My lab-coat is badly stained from gold and silver, maybe I should refine it once it’s worn out?
:wink:


----------



## Harold_V (Mar 4, 2008)

peter i said:


> I hate tossing values (unless tossing clearly cost me more than recovering it).
> 
> My lab-coat is badly stained from gold and silver, maybe I should refine it once it’s worn out?
> :wink:



I sure would if conditions were reversed. I used to incinerate my old gloves for that very reason. NOTHING that contacted precious metals was discarded in my operation----it was all recycled. Smartest thing I ever did. 

As Irons says, everything but the squeal!

Harold


----------



## austexjwlry (Mar 4, 2008)

peter i,

Do you have a high iron content in your tap water? Its odd that you didn't get a change of color until you added the tap water. You could test this by dissolving a tiny bit of iron into solution and perhaps a tiny bit of copper also hoping to duplicate the color by setting in sunlight to test the reaction.
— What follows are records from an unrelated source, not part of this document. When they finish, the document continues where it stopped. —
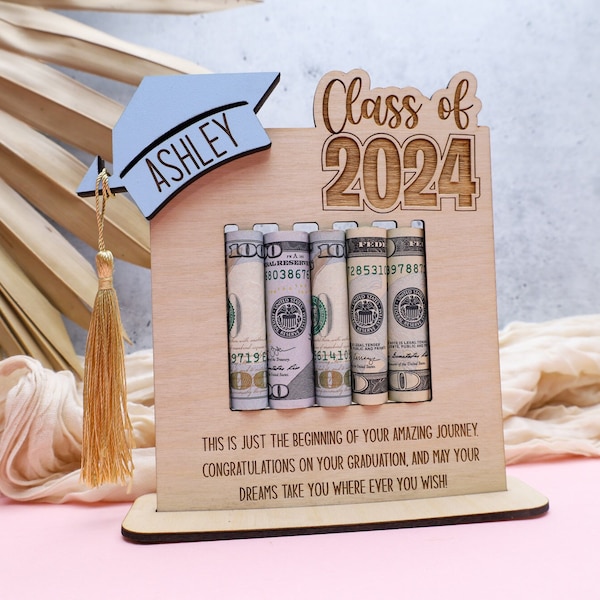Personalized Grad Gift,Money Holder,Graduation Gift,Class of 2024,College High School,Custom Money Holder,2024 Graduation Gift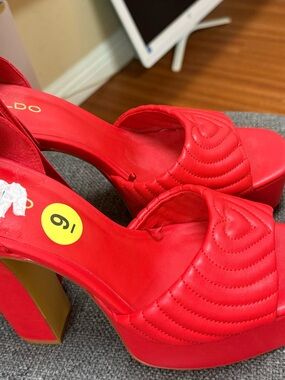 Aldo Red Quilted Platform Block Heels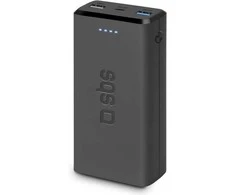 SBS išorinė baterija, 2x USB, 20.000 mAh, juoda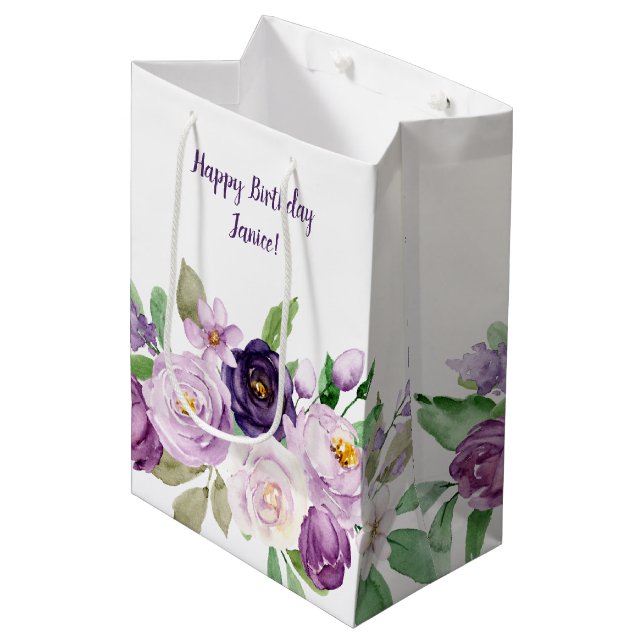 Bolsa De Regalo Mediana Monograma de Rosas morados medianos y de lavanda (Angulo Anverso)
Perhaps place a piece of copper in this solution to see if you get a simular black material cemented out of solution?

Both silver sulphate and silver nitrate darken on exposure to sunlight but shouldn't the beaker containing the green solution with probably the same approx. amount of silver in it have darkened also if sunlight alone caused this change of color?

Wayne


----------



## peter i (Mar 5, 2008)

I wonder too!

And I'll do what I can to repeat it.

(And my water is first class well water, relatively hard from calcium and magnesium, a little chloride and nothing else)


----------



## austexjwlry (Mar 7, 2008)

Harold,

I folded up a small section of newspaper and stuffed it under my deplating cell to level it in my tuppaware container "fume hood". I didn't notice any smoke or flame but the sulphuric drops spilled one at a time in the container running down the sides to the bottom sure did burn it! The spot in the tuppaware where the newspaper was sitting is slightly discolored but not actually burnt.

Have you or anyone else ever seen or heard of an actual fire from this reaction?

Thanks again for all your help!

Wayne


----------



## Lou (Mar 7, 2008)

Not from concentrated sulfuric which just dehydrates, but when it is a stronger (oleum, a fuming sulfuric acid), there can be fires.


In general, keep acids that dehydrate and oxidize away from organic materials.


----------